We investigated multi-decadal trends in surface wind speed around SK with various meteorological data from ground stations, ERA-40, and MODIS. It is found that surface wind speed had consistently decreased since mid-1950s until 2003. However, the decreasing trend in surface wind speed was broken in the last decade.

On the basis of careful examination on data reported in other literature and our analysis of climate variables over the East Asia, we argue that the recent recovery of surface wind speed may occur beyond the spatial extent of SK. Most studies on wind speed trends, covering various areas, have focused on decadal wind speed decrease but little has been studied about such recent trend. One rarely documented case on the recent reversal trend of wind speed is China where decreasing trend of surface wind speed is reported broken in 1990s (Guo et al. 2010; Fu et al. 2011). In comparison with these previous studies, our study indicates that the wind speed trend also changed in SK yet at later time than the nearby country of China.

In this study, we investigated geo-physiographic reasons that explain the observed trends by associating trends in other measures such as geopotential, air temperature, and surface temperature, at two scales of SK and East Asia, respectively. For the regional domain of East Asia, we analyze the spatial variance in ERA-40 at 1000 hpa geopotential and air temperature. For post 2003 period, MODIS surface temperature data is analyzed instead. The trends in spatial variance of these measures are closely related with wind speed trends, e.g., if spatial variance of geopotential and temperature decrease, the surface wind speed also decreases.

In terms of ground-observed data in SK, near-surface air temperature and surface wind speed generally exhibit ‘seesaw’ phenomenon, i.e., if air temperature increases, surface wind speed decreases and vice versa. Exceptions are summer and winter of post 2003 period when both air temperature and wind speed rose or fell together. Recent decrease of air temperature in winter months is likely attributed to more frequent intrusion of cold air into the region. This hypothesis stems from the contrasting trends between air and surface temperature since 2003. We also hypothesize that recent increase of both surface temperature and wind speed in summer months is driven by greater influence of warm air mass, which raises both the mean and spatial variance of summer temperature in the region.

This finding of greater seasonal disparity raises further questions on its basic causes, which should be investigated in the context of changing regional climate. Some existing studies on this line provide noteworthy clues. For example, Hadley circulation intensity anomalies, which represent the extent of the wind speed and high pressure belt in subtropical regions, for the Northern Hemisphere are reported to switch its phase from negative to positive in the early 2000s (Nguyen et al. 2013); the timing matches the observed transition year of wind speed. In association, inter-decadal Pacific Oscillation Index (POI) was reported to have shifted its phase from positive to negative in 2000 (Parker et al. 2007). Fu et al. (2011) suggested possible relationship between POI shift and temporal variation of wind speed in China. Anomalies of global sea surface temperature also have changed their trends around early 2000s (Merchant et al. 2012).

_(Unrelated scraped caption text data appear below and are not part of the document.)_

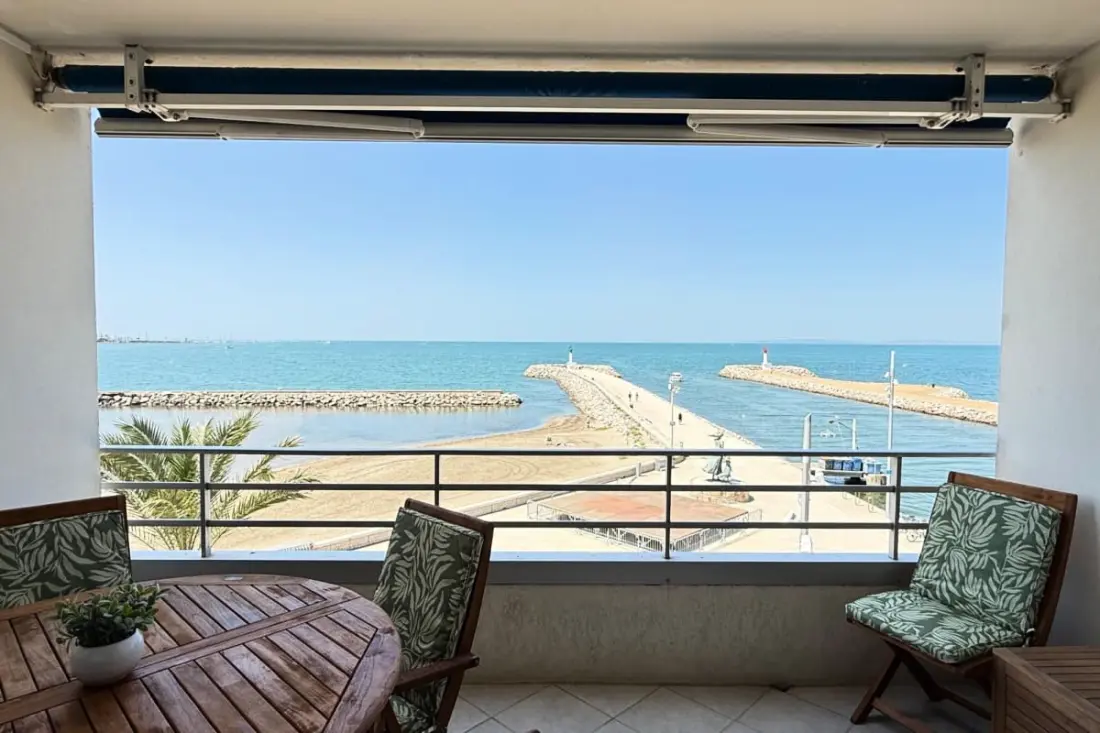 Résidence Superbe T3 Traversant Avec Terrasse Face Au Chenal Vue Mer – Impérial 4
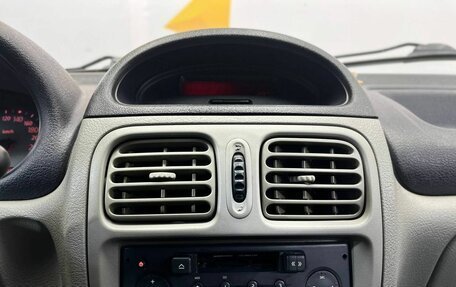 Renault Symbol I, 2005 год, 290 000 рублей, 14 фотография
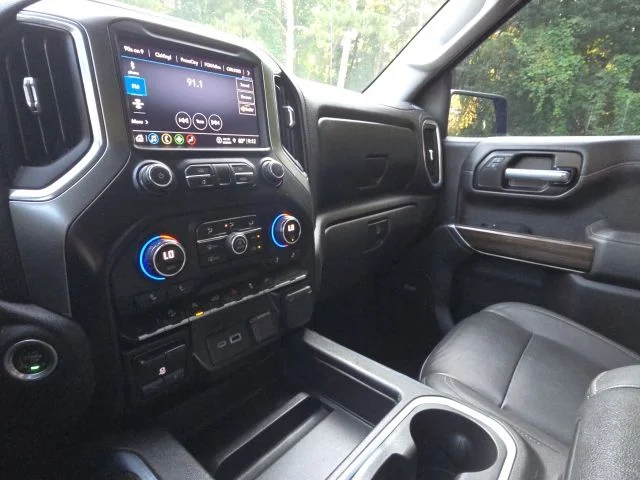 Used 2021 Red Chevrolet RST image 30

Despite all these studies, nothing is conclusive at our current knowledge. This warrants future study on understanding inter-relationships between climate variables with regards to recent global environmental changes. The effect of urbanization over highly urbanized countries like SK on counteracting regional surface wind speed increase shall need to be quantified as well. For a greater domain of East Asia, other factors such as marine upwelling for surface wind speed change would also need to be investigated. Recent changes of wind speed presented in this paper and our hypotheses on different geophysical reasons between summer and winter may help promote future studies in this direction.